On Cleethorpes station there are the number one and number two refreshment rooms and despite trying to find out I never knew where number three was, but we had the number four refreshment room on the pontoon at the back of the ice factory. I don’t know when we took it over but certainly it was my fathers doing so probably late 1950s or early 60s. It was and still is a concrete bunker and it always smelt damp but it was a godsend to the merchants and barrowboys. There was a pot belly stove stood in the middle of the floor of the seating area for cold days.
In the mid 80s my father was persuaded that it would be a good idea to open a ship store supplying the dozens of Grimsby Seine netters and visiting Danish boats and we converted the seating area of the refreshment room into that. (The ship store was probably not one of our better financial moves.)
A very popular café was situated on the corner of Wharncliffe Road in Russell Grant’s building, the manageress was the most incredible lady called Rita. When she retired after more than 30 years I looked back and she had had only had two days off sick! She was loved by all the men and it was their delight to be banned by her and chased out of the shop (till they came back next time again of course). That one was just called Wharncliffe Road.
Another one which was a tiny little café was on Cross Street. I was quite small when my father closed it and it never really reopened. I do remember not long after, my father got a call late at night that there was a cat trapped in the café and so he went down to find that the cat had died and left a solitary kitten. We looked after it for a couple of days until a kind soul could be found to take it and I remember it was completely wild and dangerous – feral. Not surprisingly we called this cafe Cross Street.
In the 60s the Jubilee café came up for sale and it was purchased and included into the company. We always called it the Jubilee café but in earlier days it was called Cannings after Councillor Canning who originally I believe moved it from one of the parks in Grimsby and extended it to form the café.

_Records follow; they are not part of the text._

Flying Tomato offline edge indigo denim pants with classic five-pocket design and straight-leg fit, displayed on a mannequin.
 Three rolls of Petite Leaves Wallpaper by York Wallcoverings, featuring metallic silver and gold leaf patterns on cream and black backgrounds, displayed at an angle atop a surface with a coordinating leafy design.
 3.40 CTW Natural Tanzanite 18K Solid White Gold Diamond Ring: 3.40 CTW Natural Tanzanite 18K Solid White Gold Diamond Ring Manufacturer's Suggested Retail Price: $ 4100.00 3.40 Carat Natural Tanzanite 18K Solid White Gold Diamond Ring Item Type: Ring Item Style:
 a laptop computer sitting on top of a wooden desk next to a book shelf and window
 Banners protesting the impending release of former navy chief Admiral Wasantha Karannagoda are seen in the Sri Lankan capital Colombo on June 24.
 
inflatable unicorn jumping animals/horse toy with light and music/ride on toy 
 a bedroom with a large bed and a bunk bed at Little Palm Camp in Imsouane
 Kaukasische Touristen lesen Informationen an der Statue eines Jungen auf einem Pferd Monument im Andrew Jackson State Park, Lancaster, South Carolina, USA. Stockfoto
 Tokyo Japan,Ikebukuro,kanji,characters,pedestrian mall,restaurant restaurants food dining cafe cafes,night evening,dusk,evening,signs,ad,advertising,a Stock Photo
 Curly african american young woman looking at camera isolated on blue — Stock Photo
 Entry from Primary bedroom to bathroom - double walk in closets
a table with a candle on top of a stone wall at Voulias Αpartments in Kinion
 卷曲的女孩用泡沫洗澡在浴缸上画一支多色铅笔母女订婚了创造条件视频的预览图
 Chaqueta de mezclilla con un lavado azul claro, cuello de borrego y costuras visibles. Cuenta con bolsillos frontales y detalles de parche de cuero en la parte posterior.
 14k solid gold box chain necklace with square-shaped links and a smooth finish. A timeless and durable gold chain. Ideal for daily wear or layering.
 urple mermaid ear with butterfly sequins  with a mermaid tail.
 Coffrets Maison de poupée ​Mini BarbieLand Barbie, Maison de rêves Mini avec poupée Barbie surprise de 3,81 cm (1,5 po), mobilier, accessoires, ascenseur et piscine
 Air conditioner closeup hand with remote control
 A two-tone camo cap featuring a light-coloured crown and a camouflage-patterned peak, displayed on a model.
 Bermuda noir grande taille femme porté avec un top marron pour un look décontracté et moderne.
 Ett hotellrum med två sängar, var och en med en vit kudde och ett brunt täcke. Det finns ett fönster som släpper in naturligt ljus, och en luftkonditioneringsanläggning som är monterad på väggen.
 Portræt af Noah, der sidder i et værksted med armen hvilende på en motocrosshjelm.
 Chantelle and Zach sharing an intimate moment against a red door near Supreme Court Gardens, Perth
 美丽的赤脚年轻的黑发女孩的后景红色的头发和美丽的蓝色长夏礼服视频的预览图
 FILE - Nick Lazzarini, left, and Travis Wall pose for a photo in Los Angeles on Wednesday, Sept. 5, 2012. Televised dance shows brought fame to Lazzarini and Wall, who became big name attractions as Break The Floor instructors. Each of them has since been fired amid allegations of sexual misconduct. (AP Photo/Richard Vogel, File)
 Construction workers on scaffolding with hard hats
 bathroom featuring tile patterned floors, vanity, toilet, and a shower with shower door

The Jubilee café was on the engineering side of the docks next door to the slipways and with the engineers, carpenters, plumbers, painters, electricians and all the rest who frequented it, it had a very different smell to all the rest – strange what you remember.
When the new fishmarket opened we no longer had a need for the number four refreshment room and as I was in charge then, I opened the new café which predictably enough I called Newmarket, based in the office space overlooking the Fish market.
This was an interesting time when there were lots of visiting VIPs who were shown around the market and then treated to a silver service smoked haddock and poached egg breakfast in the boardroom. I had the job of setting it all out and serving up, and some of the groups were quite disparate. We had a group of Colonels from different armies. Neil Kinnock and local politicians. Brake brothers. Groups of fishing leaders from Denmark and Iceland. I suppose I really should have kept a diary of them all. When Frank Flear became Lord Lieutenant of Lincolnshire we had a very strange mid-afternoon sit down buffet for probably 30 past Lord Lieutenants. Quite surreal.
Apart from the Jubilee café they were all referred to by the customers as Sollys, it was only us who called them by their geographical names really. Although sometimes the customers would refer to them by the manageress’s name so Wharncliffe was quite often called Rita’s.